As a part of Davis Vision's contract with most in-network providers, the provider must agree to Davis Vision's Mandatory Lab Policy. The Mandatory Lab Policy requires that the provider uses lenses manufactured by one of Davis Vision's labs to fill any orders for lenses by a Davis Vision member. Davis Vision's contracts with its employers and plan sponsors do not contain any such language regarding the Mandatory Lab Policy between Davis Vision and providers. By extension, Davis Vision members are also unaware ofthe policy. The Mandatory Lab Policy has been a part of Davis Vision's business model since the company was established in 1974. For almost all providers, if the provider is not willing to accept the Mandatory Lab Policy, Davis Vision will not contract with that provider. However, Visionworks, a lens retailer, along with five other large lens retailers, including Costco and Walmart, are exempted from the policy.

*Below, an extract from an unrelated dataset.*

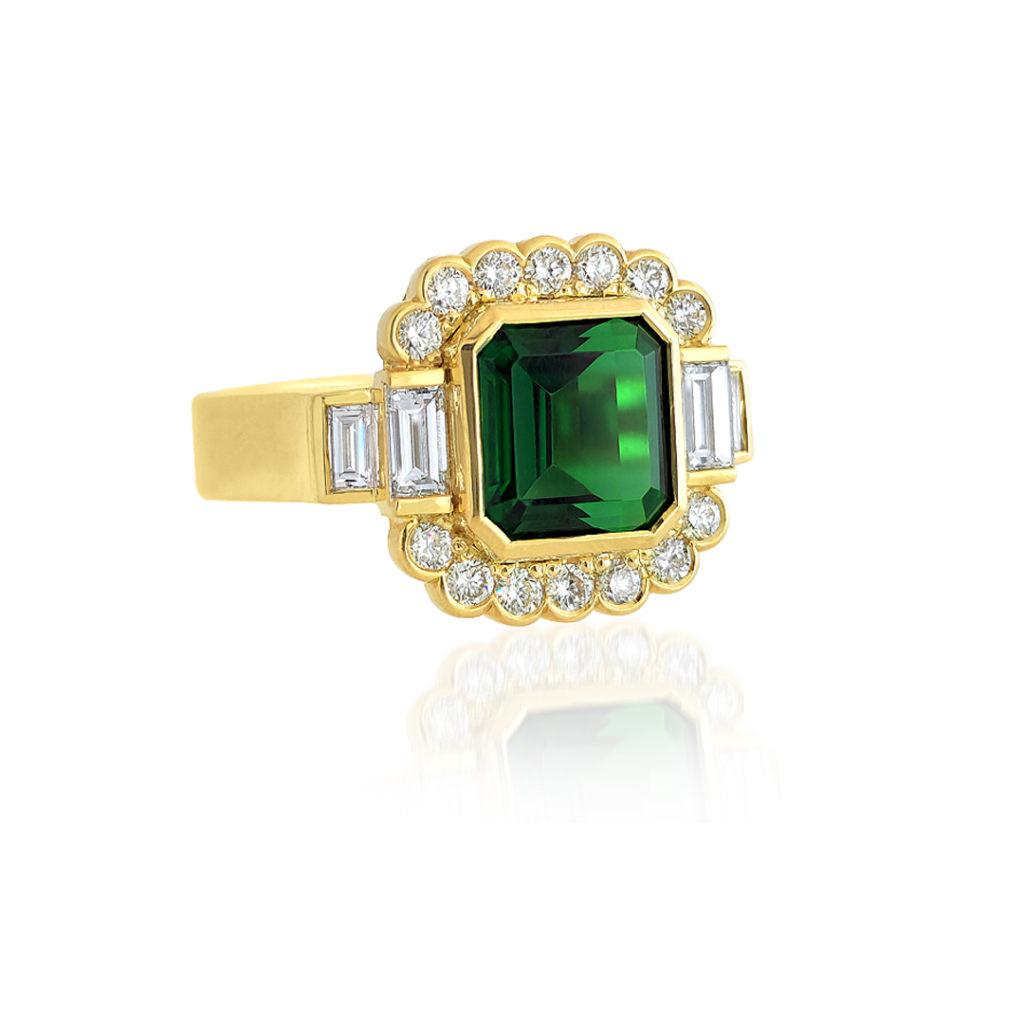 Green Gemstone Jewellery | This art-deco inspired Tourmaline and Baguette Diamond Ring heralds a vivid green tourmaline gemstone (chrome tourmaline totalling 2.70ct with EGL Certification), shouldered by 4 baguette-cut diamonds (baguette-cut diamonds totalling: 0.38ct, F-G colour), with a partial halo of 14 glittering round brilliant cut diamonds (round brilliant diamonds totalling: 0.29ct, VS clarity).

Davis Vision's funded members pay a co-pay for the lenses obtained with their vision care benefits, rather than paying for the lenses outright. As a result, Davis Vision considers lenses to be a cost of delivering benefits. To limit this cost, Davis Vision manufactures the lenses for use by its members. Davis Vision manufactures lenses only for this purpose and does not sell the lenses it manufacturers to any third parties. In fact, Davis Vision does not even sell the lenses manufactured for its members to the providers. Rather, a Davis Vision member pays a co-pay to Davis Vision for a pair of lenses and Davis Vision provides the lenses to the provider, at no charge, for the provider to use in the member's eyeglasses. Then, Davis Vision pays the provider a dispersing fee. According to Davis Vision, the Mandatory Lab Policy is a criticalelement of its effort to control the cost of lenses for the benefit of its members. Davis Vision produces only about 10% of its lenses using the same state-of-the-art "freeform/digital lens" technology as that employed by Acuity.

b. The Parties Operate in Different Product Markets.

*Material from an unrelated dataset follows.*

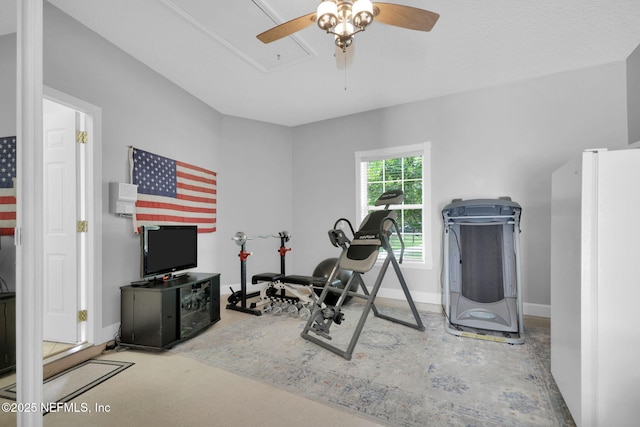 exercise room with baseboards, a ceiling fan, and attic access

Davis Vision members constitute about 18 million of approximately 150.7 million vision plan participants in the United States. Therefore, the Mandatory Lab Policy impacts fewer than 12% of all vision plan participants nationally. Davis Vision produced approximately 2.3 million pairs of lenses in 2014. More than 98 million pairs of lenses were produced nationally in 2014. Therefore, Davis Vision's labs produced less than 2.4% of...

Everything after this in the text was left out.